Eventuell das ganze nochmal in /root/.eixrc

Danach wieder update-eix und es sollte funktionieren!

----------

## meldron

Vielen Dank pawlak, funktioniert wunderbar. (Jetzt geht "update-eix" auch noch verdammt schnell, so muss das sein  :Very Happy: )

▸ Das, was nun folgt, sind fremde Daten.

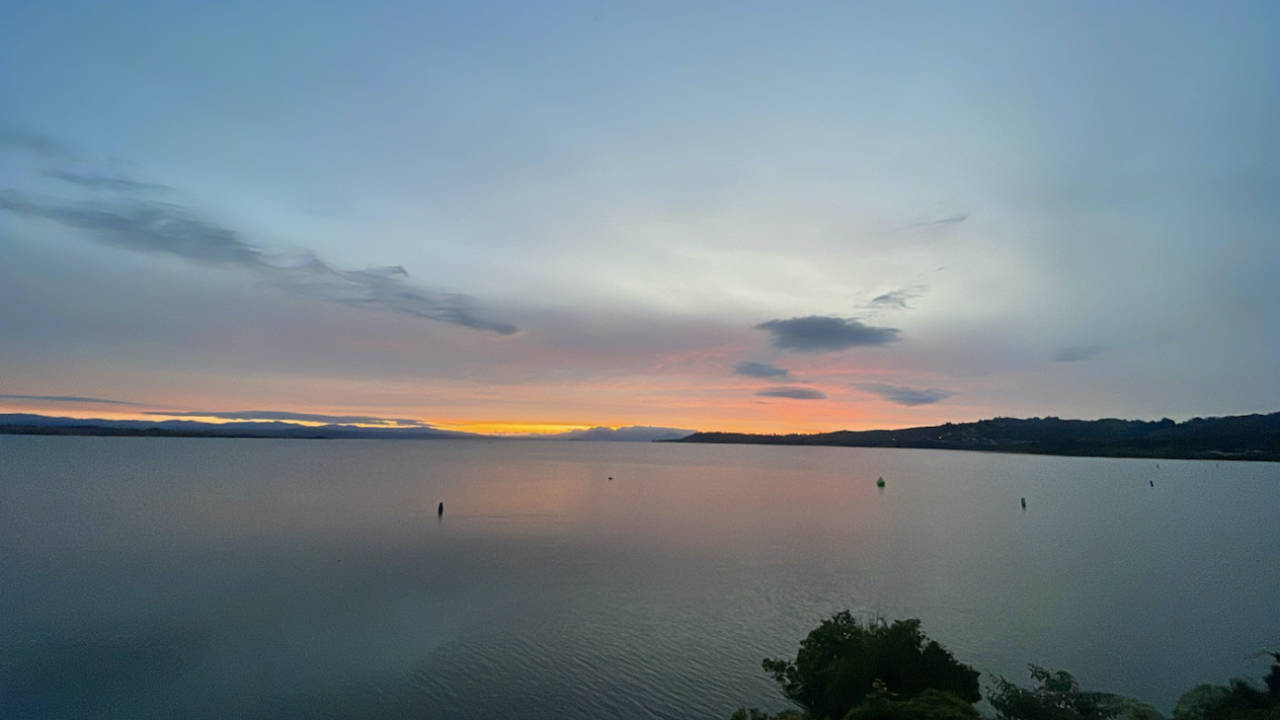 Lake Taupo in all its sunset glory, Wellington, December 14, 2024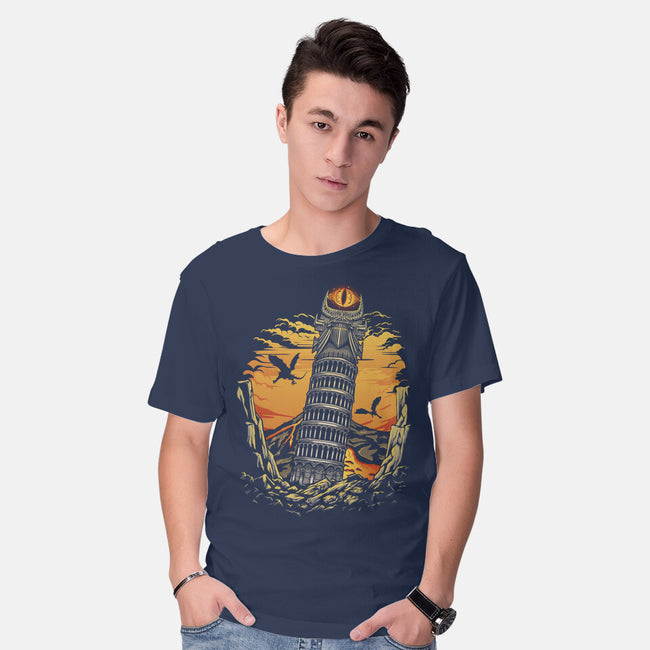 Leaning Dark Tower-Mens-Basic-Tee-Olipop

Wieso werden solche Verbesserungen(eix, cdb cache)  eigentlich nicht standardmaessig in Portage übernommen?

----------

## ph03n1x

 *meldron wrote:*   

> Wieso werden solche Verbesserungen(eix, cdb cache)  eigentlich nicht standardmaessig in Portage übernommen?

 

=> Das kommt einem Krieg der Welten gleich, das wurde schon zig mal diskutiert... da prallt die eine philosophie gegen die andere und jeder hat mehr recht, etc.  :Wink:  hoffnungslos... wir können nur hoffen, dass das neue portage bald kommt, aber ich glaube das dauert noch etwas...

----------

## meldron

Was zeichnet das neue Portage aus?

----------

## l3u

<wunschdenken>Hoffentlich weniger Datentransfer-Schrott, nicht mehr 1,6 millionen Dateien, eine Datenbank für die Abhängigkeiten, Syncs in einer Minute ...</wunschdenken>

----------